Read the part 2 audit program best practices.
10 Reasons to Implement a Management System
A management system is the framework that enables companies to achieve their operational and business objectives through a process of continuous improvement. In its simplest form, a management system implements the Plan, Do, Check, Act/Adjust cycle. Several choices are available for management systems (ISO is commonly applied), whether they are certified by third-party registrars and auditors, self-certified, or used as internal guidance and for potential certification readiness.
Business Benefits of a Well-Documented Management System
The connection between management systems and compliance is vital in avoiding recurring compliance issues and in reducing variation in compliance performance. In fact, reliable and effective regulatory compliance is commonly an outcome of consistent and reliable implementation of a management system.
Beyond that, there are a number of business reasons for implementing a well-documented management system (environmental, safety, quality, food safety, other) and associated support methods and tools:
- Establishes a common documented framework to achieve more consistent implementation of compliance policies and processes—addressing the eight core functions of compliance:
- Inventories
- Permits and authorizations
- Plans
- Training
- Practices in place
- Monitoring and inspection
- Records
- Reporting
- Provides clear methods and processes to identify and prioritize risks, set and monitor goals, communicate those risks to employees and management, and allocate the resources to mitigate them.
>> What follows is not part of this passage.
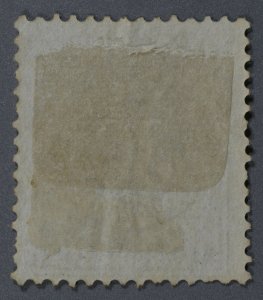 Sweden #25 Used VG Place Cancel Pale Brown HRM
- Shifts from a command-and-control, centrally driven function to one that depends heavily on teamwork and implementation of a common system, taking into consideration the necessary local differences and building better know-how at the facility level.
- Establishes a common language for periodic calls and meetings among managers, facility managers, and executives, which yields better goal-setting, priority ranking, and allocation of resources to the areas with greatest risk or the greatest opportunity to add business value.
- Empowers facilities to take responsibility for processes and compliance performance without waiting to be told “what” and “how”.
- Enables better collaboration and communication across a distributed company with many locations.
- Enables the selection and implementation of a robust information system capable of tracking and reporting on common activities and performance metrics across the company.
- Employs a design and implementation process that builds company know-how, captures/retains institutional knowledge, and enables ongoing improvement without having to continually reinvent the wheel.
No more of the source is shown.